Other people’s houses

I haven’t written for a while. Things have been a bit busy. And disorganised. And, well, tough. You see, I forgot where I lived earlier this week.

A few weeks before that I drove to the wrong house.

On neither occasion was I drunk. It’s just that I wasn’t consciously thinking about it and so drove to where I used to live. That was where I lived 2 houses ago. Or a month ago, depending how you count it. And this week I literally couldn’t remember where I needed to drive to in order to get home.

You see, I’ve been living in a post “worst hurricane ever, everything mash up” world over here in the BVI, and one of the things that got mash up was my house.
Then we’ve had island struggles and island time impact the speed at which it got fixed. So I haven’t really had a home. In several respects, I have been homeless.

BUT I can finally talk about it as it is almost finished… like really almost finished not now in a minute several days still nothing type finished. Actual nearly finished whereby I can move back in nearly finished.

Thank fuck.

It’s not been easy. For many reasons I wouldn’t have expected. Like having to think about where you are going to in order to be able to go to bed for example. Interestingly I recently learned that there is something called the “Muladhara Chakra” – the root/foundation. It is the first of the human chakras, and responsible for your sense of safety and security. It is the foundation on which many other things are built (the other chakras for example). Don’t worry, I am not going to get all woo woo on you, but I’m sure you can understand the principle. If there is no foundation, it is hard to build something strong enough to last, or to withstand a storm. Without a foundation, there is only so much stability that can be attained. And having been without my ‘root’ has made me more unstable than I realised. It has been tough. And I’ve only recently acknowledged to myself quite how tough it has been.

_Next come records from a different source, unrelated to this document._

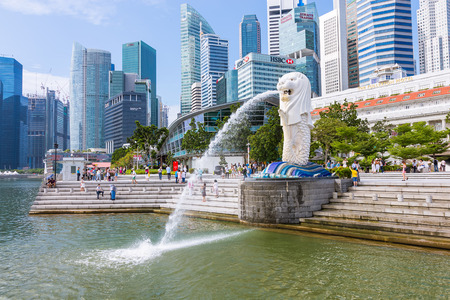 Singapore - December 4, 2016 : Merlion at Marina Bay, symbol of Singapore. It is  a mythical creature with lion head and body of fish.のeditorial素材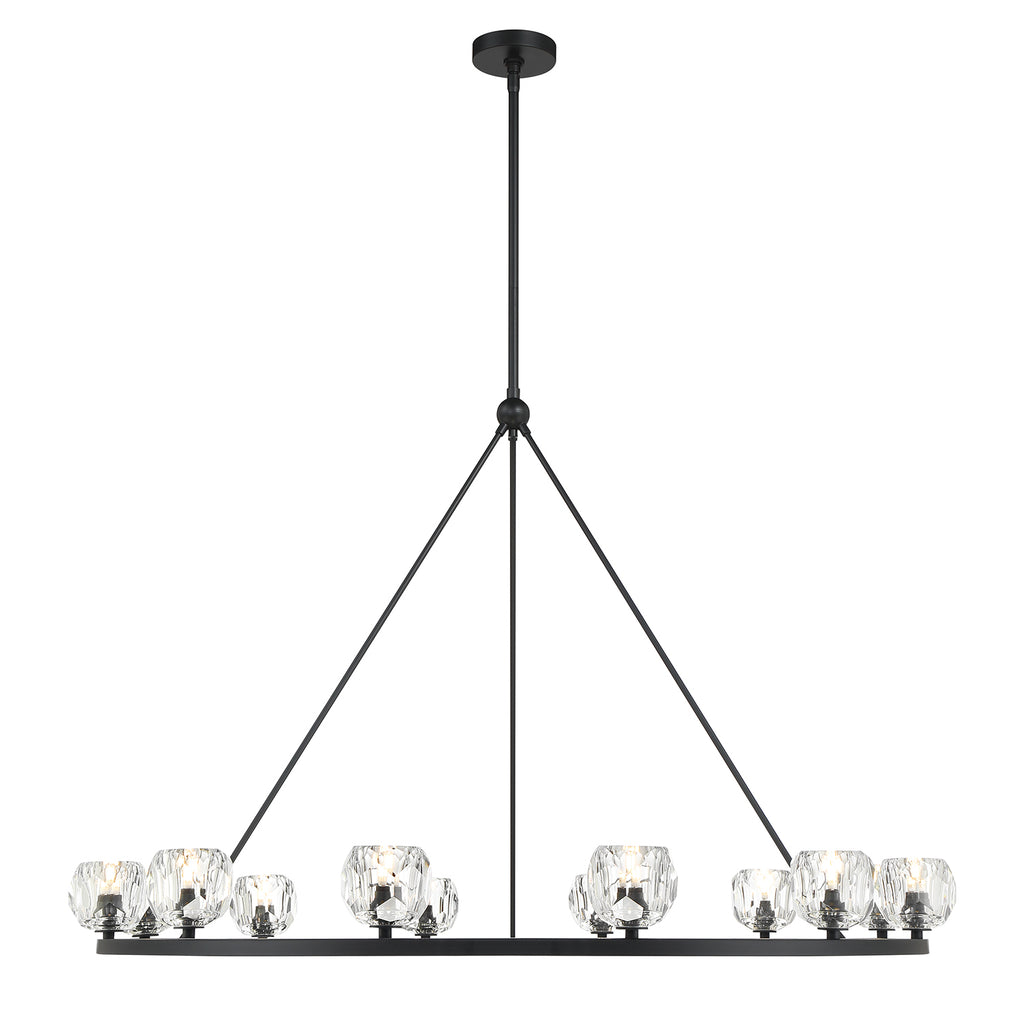 Antique Hardware Aragon 12 Light Matte Black Chandelier Chandelier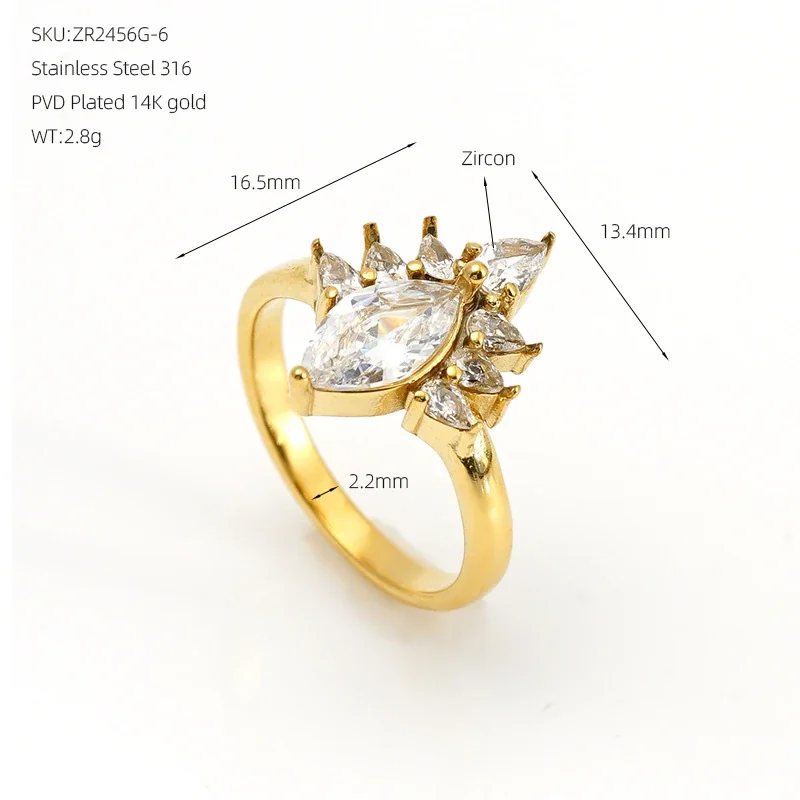 Ring, Marquise Cluster & Oval Crystal, Gold PVD 316 Stainless Steel - Gold Oval Crystal Size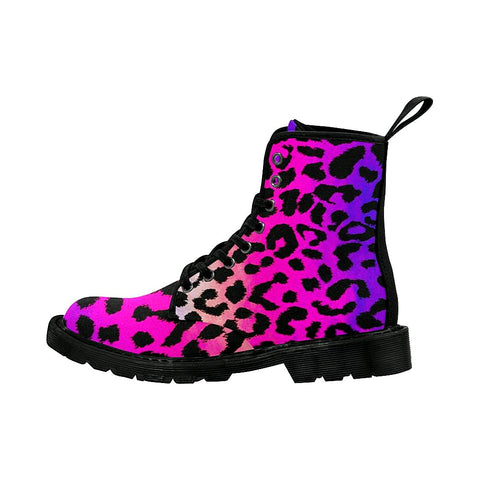 Image of Animal Print Purple And Pink Womens Boots Combat Style Boots, Lolita Combat Boots,Hand Crafted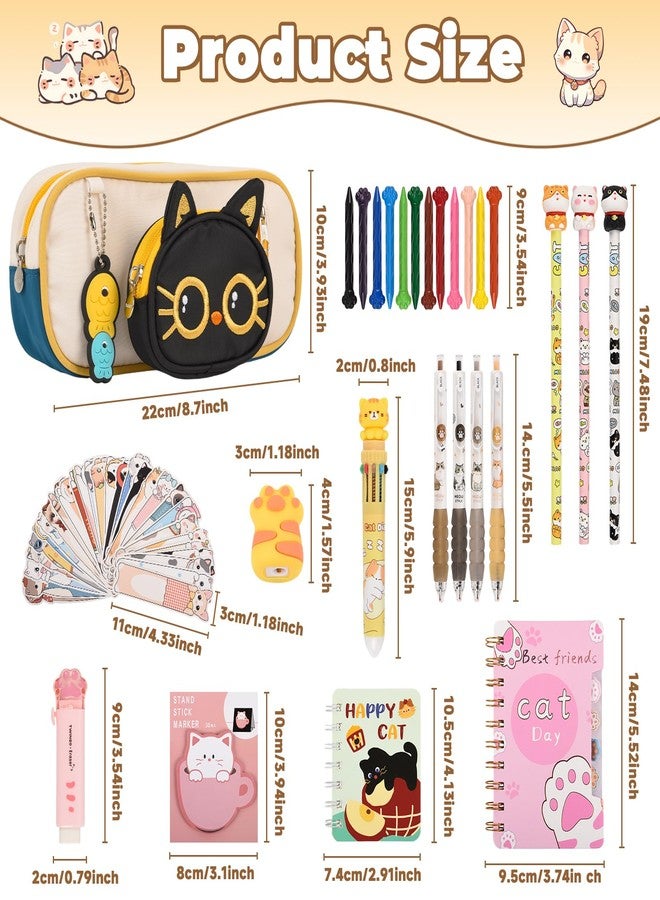 Ulema 58 Pcs Cute Cartoon Cat Stationery Set Cat Lover Gifts Christmas Gifts for Boys Girls with Cat Ballpoint Pen, Gel Pens,for Birthday Gifts,School Office Classroom Supplies. - Image 3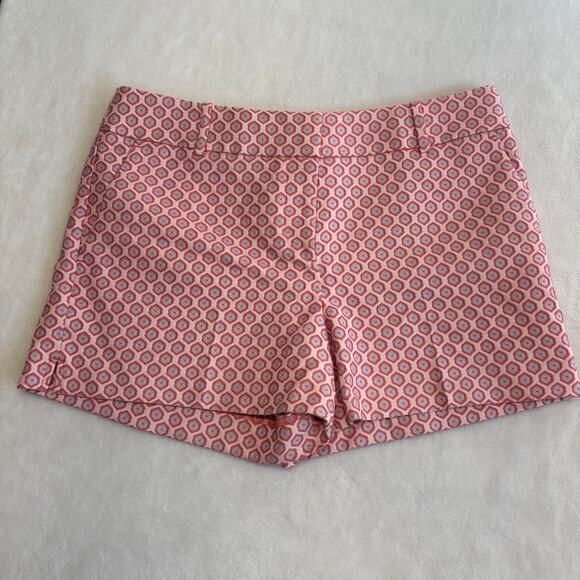 LOFT Jacquard Knit Riviera Shorts(2) Aztec Geometric Pattern Navy Pink Size 10 - Picture 11 of 16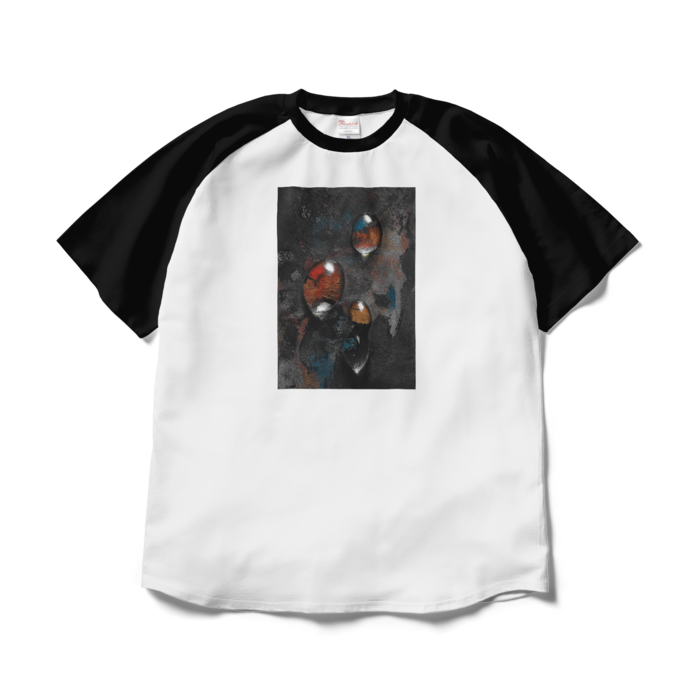 ラグランTシャツ - XL - ホワイト×ブラック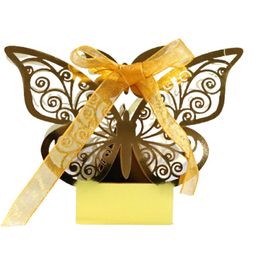 10Pcs Butterfuly Laser Cut Wedding Bridal Favours Gifts Box Candy Boxes With Ribbon Christening Baby Shower Wedding Party Decor 211108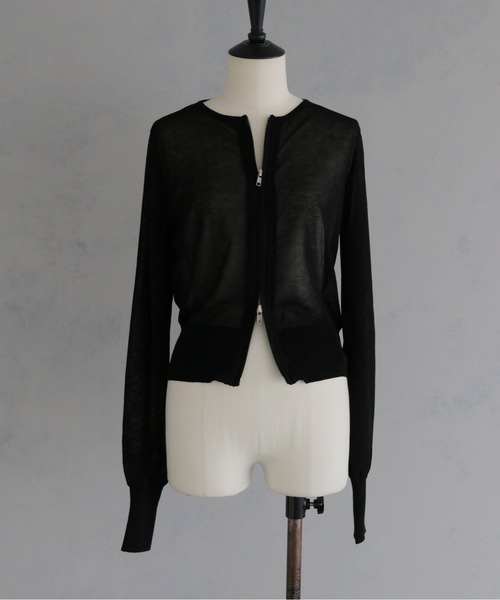 &g'aime(アンジェム)の「【&g'aime 】シアーWジップカーディガン Sheer Double Zip Cardigan(カーディガン/ボレロ・レディース・ブラック/ブラウン/グレイッシュベージュ・FREE)」の18枚目の写真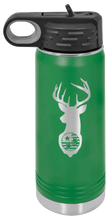 Load image into Gallery viewer, TriStar Flag Deer Laser Engraved Water Bottle (Etched)
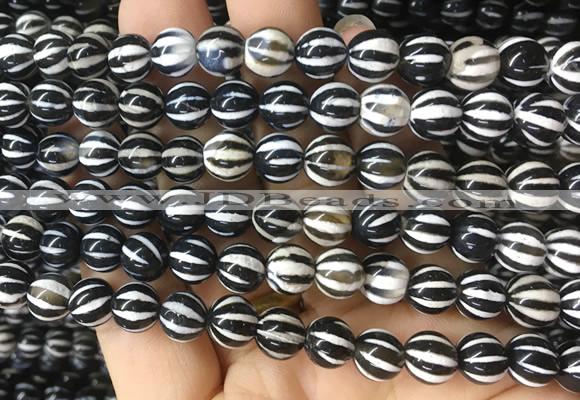 AGBS176 15 inches 8mm round tibetan dzi agate beads wholesale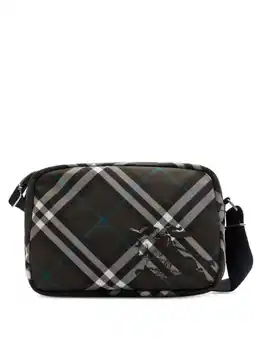 Walmart Burberry Men's Plaid Pattern Shoulder Bag With Adjustable Strap Black offer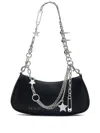 Marc Jacobs Curved Black Shoulder Bag With Adjustable Chain Handle In Black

I don’t want to dwell on the bad stuff. Every cloud right?? So, here is the positives I have identified from the experience. I have survived a tough few months and achieved some awesome stuff, as well as just generally getting on with life. Big up myself.

I am extremely thankful for all of the wonderful friends who have let me stay with them at some point, or offered rooms and sofas. I feel lucky to have an amazing network of people making sure I was never truly homeless at any point.

I’ve been able to see different views of my beautiful caribbean island in the mornings and appreciate each of the views a little bit more.

I am also thankful to all those that have listened to me when I have been upset about not having a house or about the lack of progress or the fact I basically have been living out of a suitcase (OK, now three suitcases, and a few boxes) since September and that I can’t hang up my clothes. Being able to speak to someone else about the frustrations has been ever so helpful.

I’ve also become more adaptable. Have to have a certain type of pillow or sheets or some other ‘comforter’ to get to sleep? Not me. No specific bedtime routine. No familiar noises. Not much familiar stuff really. So I can sleep almost anywhere now I reckon. Definitely a useful life skill.

And I can sleep through more random noises. Which is definitely useful as houses have noises. All houses. Different noises. And it can freak you out to begin with, particularly when there is no one else in the house… So maybe I could say I’ve got a bit braver too?

Finally, It has made me think more about what makes somewhere a home. Now I know there are some challenges if we are overly attached to too many material things, but I do believe the familiarity that things can bring is important. They help with memories. (I wrote about things in a blog post last year ). They can be external representations of parts of yourself. I miss my pictures. My pieces of art. But I do not miss a lot of the stuff that I had so I know I can live with less. So it’s not just things that make a home. I also agree with the quote “Home is not a place, it’s a feeling”. That feeling of coming home is the best. Of getting into your own bed, in your own room. Your own space.

Straight after the hurricane many people said to me “Are you going home?”, or “You can always go home”. They meant the UK, as far as I could tell. I have had to explain numerous times that as far as I was concerned the BVI was my home.
For the last few months I have been asked why not just find another house? Just live somewhere else. Why keep waiting? But I had chosen the house I was living in because it felt right to me. The house I was living in was my home. I wanted to go home.

And tomorrow I am going home. I can’t wait.